そうすると、被告らは、上記注意義務を怠って、Yの上記注意義務違反の原因となった飲酒運転を助長、促進したといわざるを得ないから、被告らには、民法719条2項に基づく責任が認められると判断したものです。
【ポイント】
本件は、飲酒運転車両に同乗していた同乗者2名を被告に提訴したという珍しい事案です。裁判所は、飲酒運転の同乗者に対しても民法719条2項の法的責任を認めました。
民法719条1項は共同不法行為者の責任を認め、同2項は「行為者を教唆した者及び幇助した者は、共同行為者とみなして、前項の規定を適用する」と定めています。

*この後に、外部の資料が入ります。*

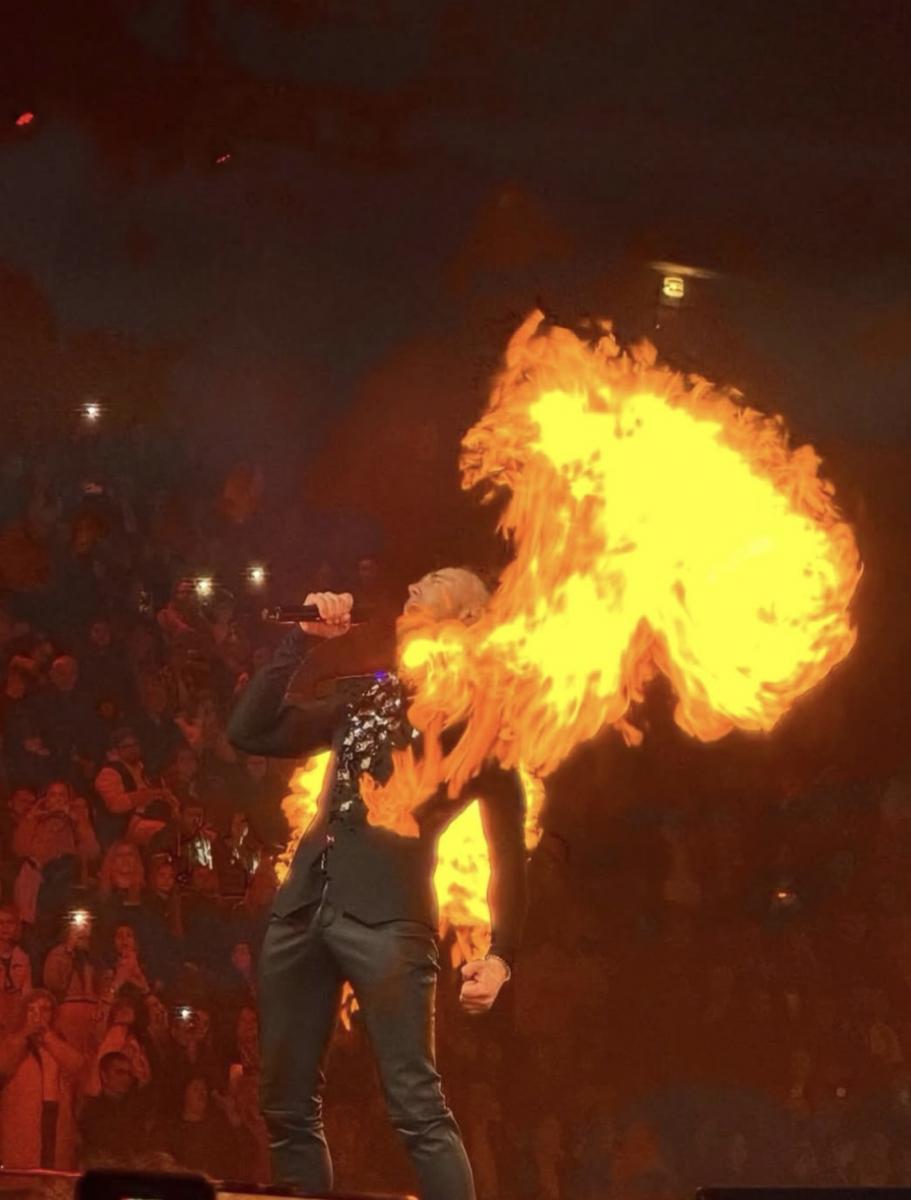 Тарас Тополя запалював на сцені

裁判所は、運転手の酩酊の状況・経緯について丁寧に事実認定した上で、同乗者らが一緒に飲酒飲食していたこと、第三者から見ても酔っているようにみえたこと等から、被告らも酩酊状態について認識していたと判断し、その後も運転の中止・停止を積極的に求めていないことから注意義務違反があると認定したものです。